I believe that my Rare Spares extension is slightly above the seat pad because my drivers seat does not have a swivel fitted.
If it had I assume it would be much better.
In any case after 12 months of use and a little common sense and thought it has never been a problem.

However.....each to his own :wink:


----------



## Westbay (Mar 15, 2008)

EJB said:


> In any case after 12 months of use and a little common sense and thought it has never been a problem.:


Agree.
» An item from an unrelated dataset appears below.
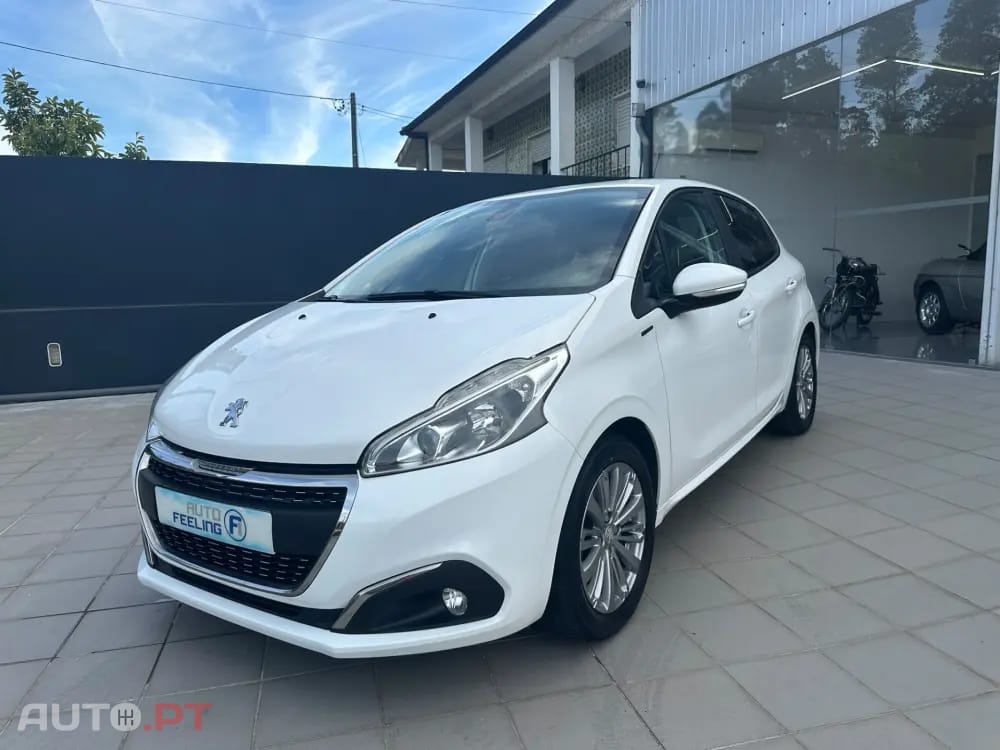 Peugeot 208 1.5 BlueHDi Signature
I've fitted one to my Merc Sprinter and no hint of a problem of an accidental 'knock-off'. Now when my 2yr old grand-daughter decides she wants to sit on the front and 'drive' for a while she pulls out the pin, drops the handle to the 'unarmed and cross-checked' position befor clambering up  8O


----------



## Techno100 (May 8, 2010)

I bought one
http://www.prime-function.co.uk/rare-spares/frameset.htm


----------



## maxsdad (Mar 20, 2011)

Rare-Spares one for sale only used for a couple of months on 2011 ducato, now changed van for Mercedes Rapido £40 including UK postage please PM me if interested

dave ve


----------



## SteamboatWillie (Jul 13, 2013)

*Sell it to me I want one*

If you have a pre 2006 
Kobran and dont like it then sell it to me.
Can anyone tell me is the spare wheel carrier on Autocruise Star burst, Star dream etc, and others on the Peugeot 330 chassis a standard Peugeot part or peculiar to Autocruise as I need one of them also.


----------



## Techno100 (May 8, 2010)

I believe it is a Fiat / Peugeot part


----------



## maxsdad (Mar 20, 2011)

maxsdad said:


> Rare-Spares one for sale only used for a couple of months on 2011 ducato, now changed van for Mercedes Rapido £40 including UK postage please PM me if interested
> 
> dave ve


Sold thanks to all who enquired


----------



## Techno100 (May 8, 2010)

maxsdad said:


> maxsdad said:
> 
> 
> > Rare-Spares one for sale only used for a couple of months on 2011 ducato, now changed van for Mercedes Rapido £40 including UK postage please PM me if interested
> ...


To Chris?


----------



## maxsdad (Mar 20, 2011)

Techno100 said:


> maxsdad said:
> 
> 
> > maxsdad said:
> ...


Correct


----------



## Techno100 (May 8, 2010)

Good Good

BTW I personally find that in my Fiat X250 cab that my swivel seat does not interfere with it at all. Great upgrade! sorry I bought before you posted :lol:


----------